__WHAT IS REQUIRED__. Without including any images, repeat the data exactly.

__EXCERPTED RECORDS__.
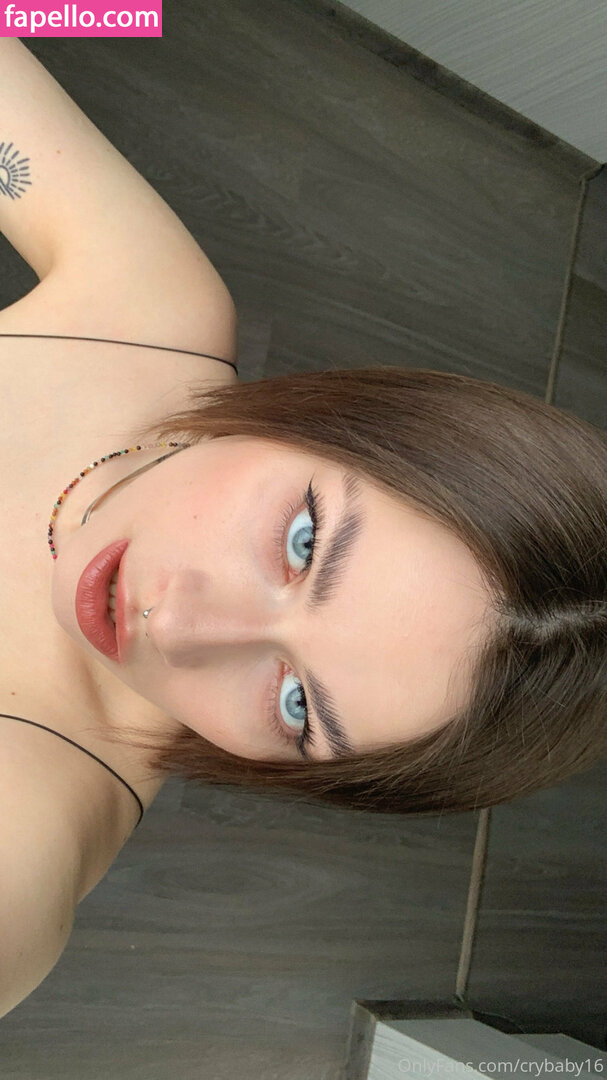 Crybaby16 leaked nude photo #0231 (Crybaby16 / Crybaby1610 / Urbabydasha / crybaby16_)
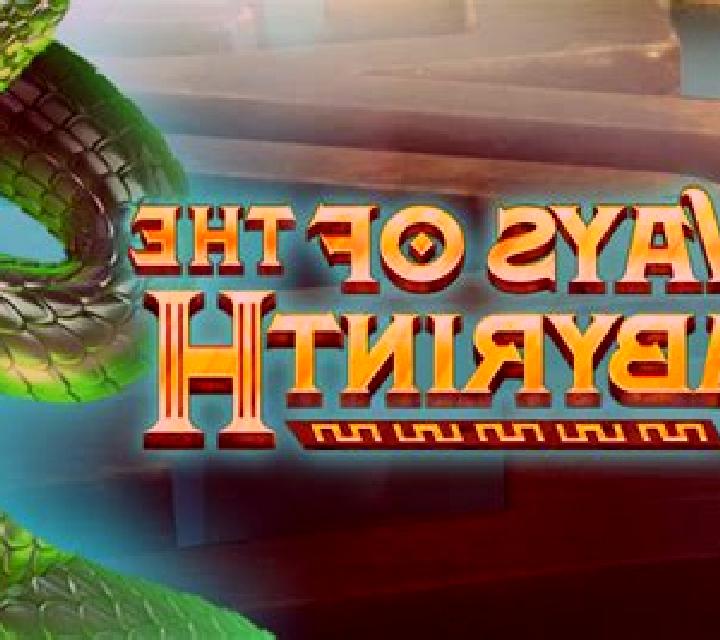 Labyrinth online slot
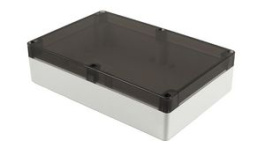 1554VAL2GYSL, Корпус: универсальный; Х: 160мм; Y: 240мм; Z: 60мм; 1554; серый; IP68, Hammond
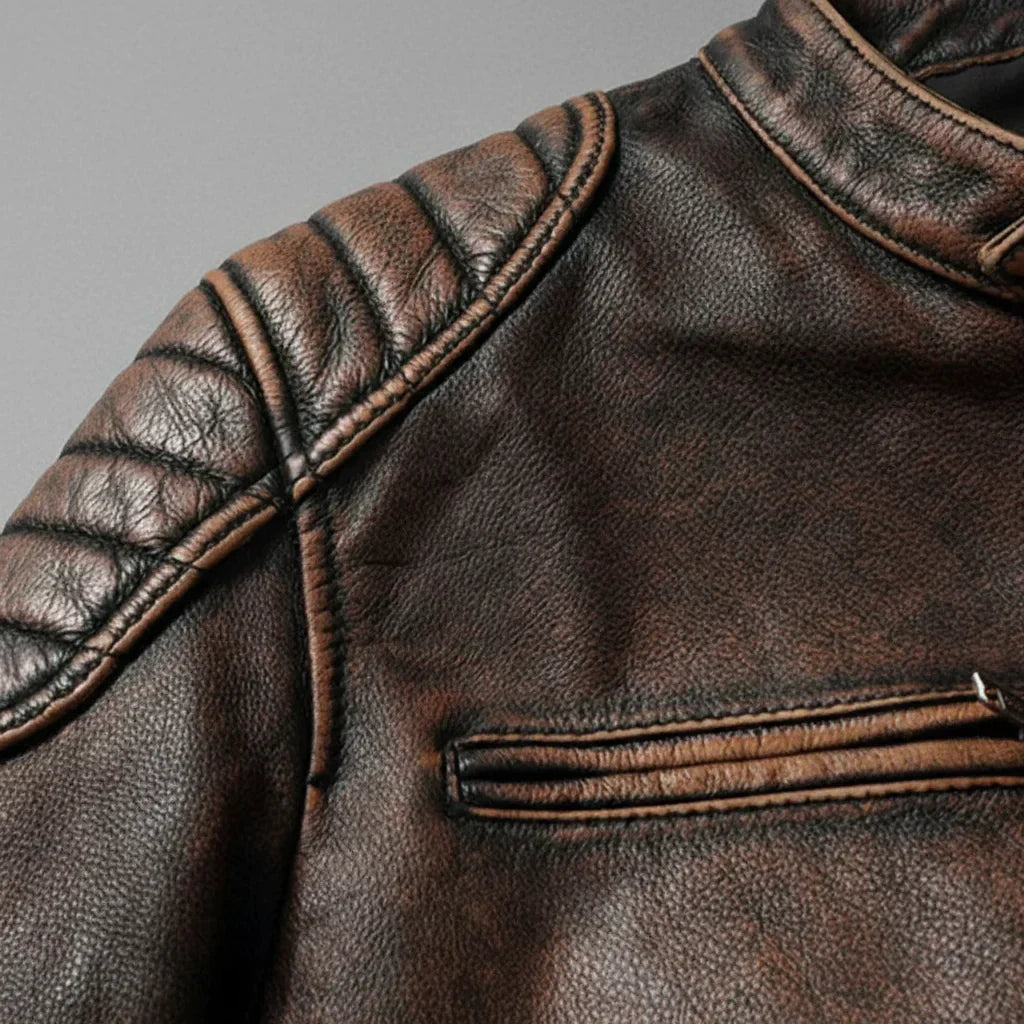 Bruno™ | Vintage Jacket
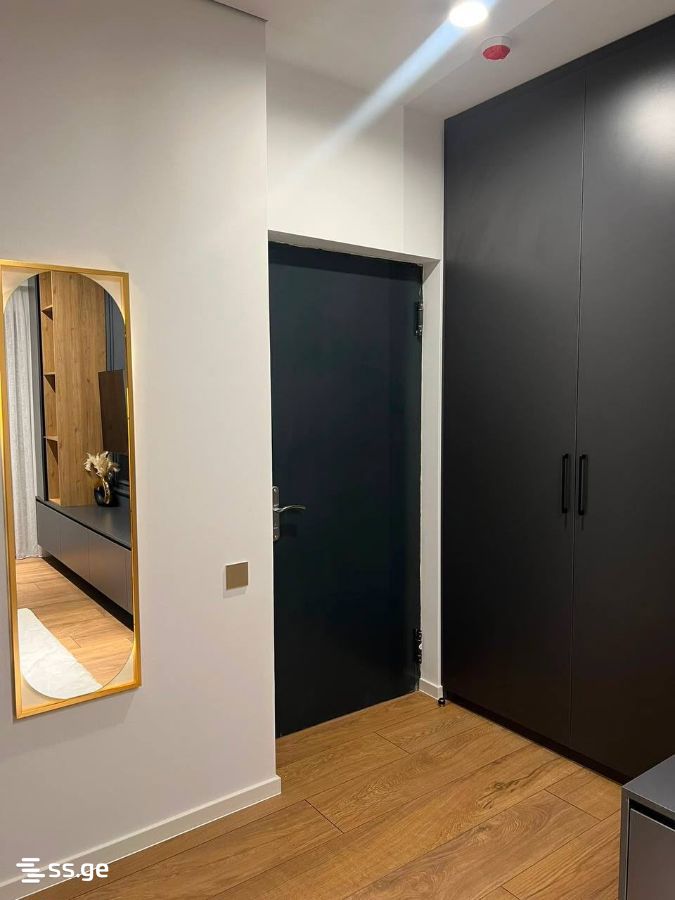 bochormi st. - 2 rooms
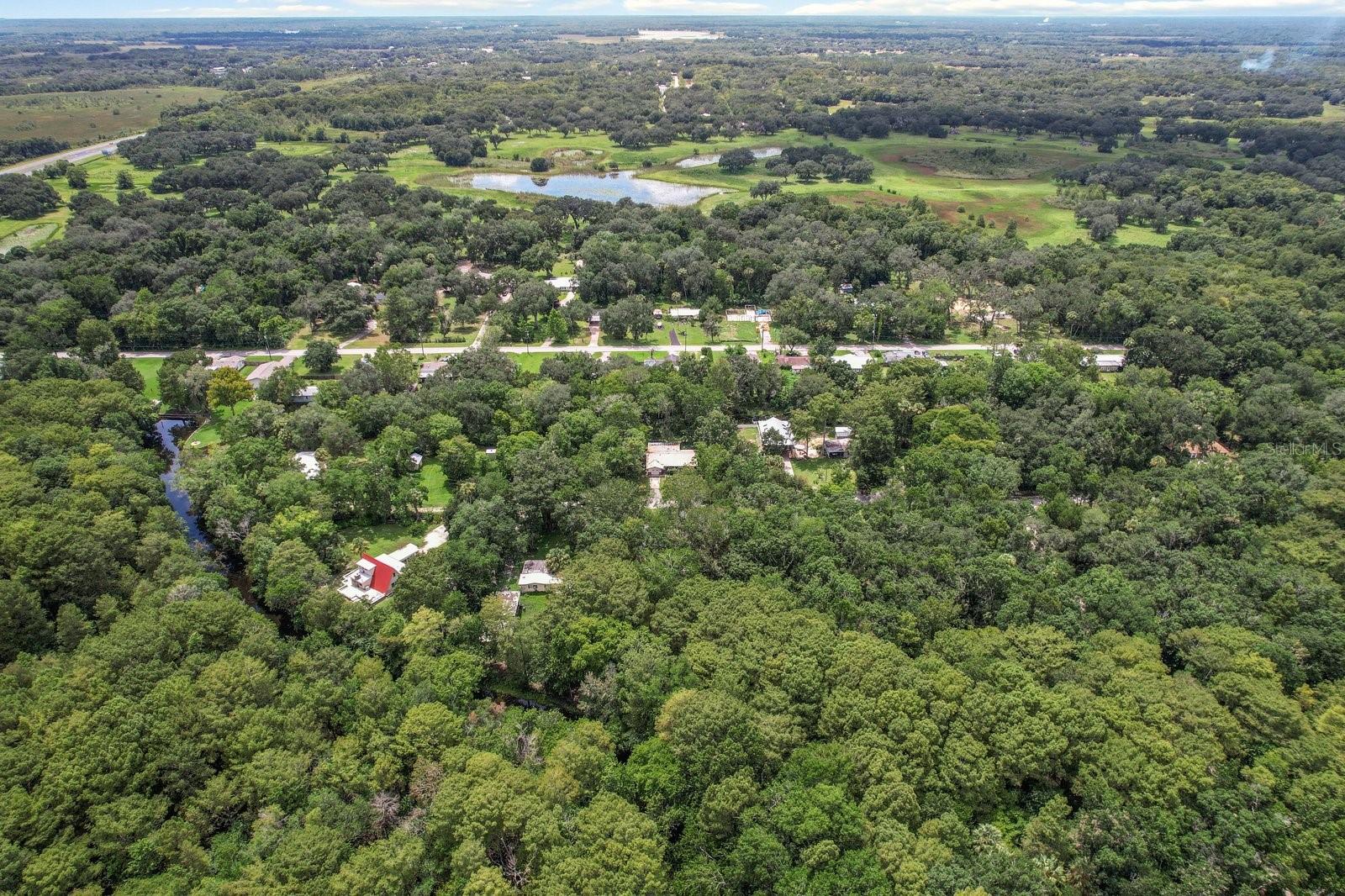 SHERWOOD FOREST UNREC - Land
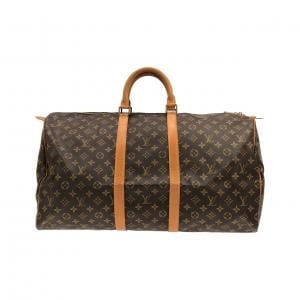 ルイヴィトン モノグラム キーポル 55cm M41424 ボストンバッグ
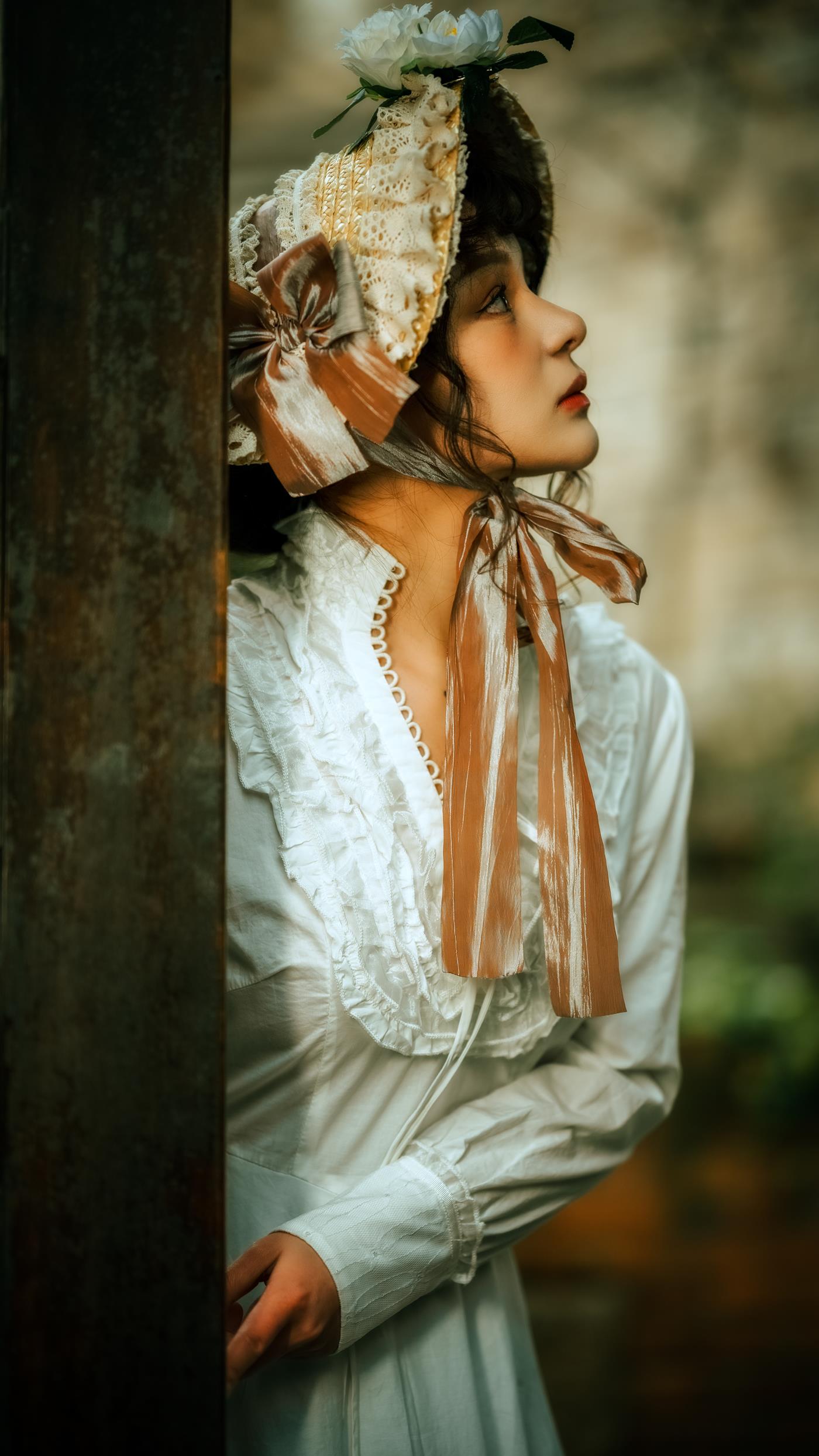 图片[18]-[YITUYU艺图语] 2022.02.26 小妇人 LIN [44P] – 速更版-美库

__SOLUTION TO THIS TASK__.
 Crybaby16 leaked nude photo #0231 (Crybaby16 / Crybaby1610 / Urbabydasha / crybaby16_)
 Labyrinth online slot
 1554VAL2GYSL, Корпус: универсальный; Х: 160мм; Y: 240мм; Z: 60мм; 1554; серый; IP68, Hammond
 Bruno™ | Vintage Jacket
 bochormi st. - 2 rooms
 SHERWOOD FOREST UNREC - Land
 ルイヴィトン モノグラム キーポル 55cm M41424 ボストンバッグ
 图片[18]-[YITUYU艺图语] 2022.02.26 小妇人 LIN [44P] – 速更版-美库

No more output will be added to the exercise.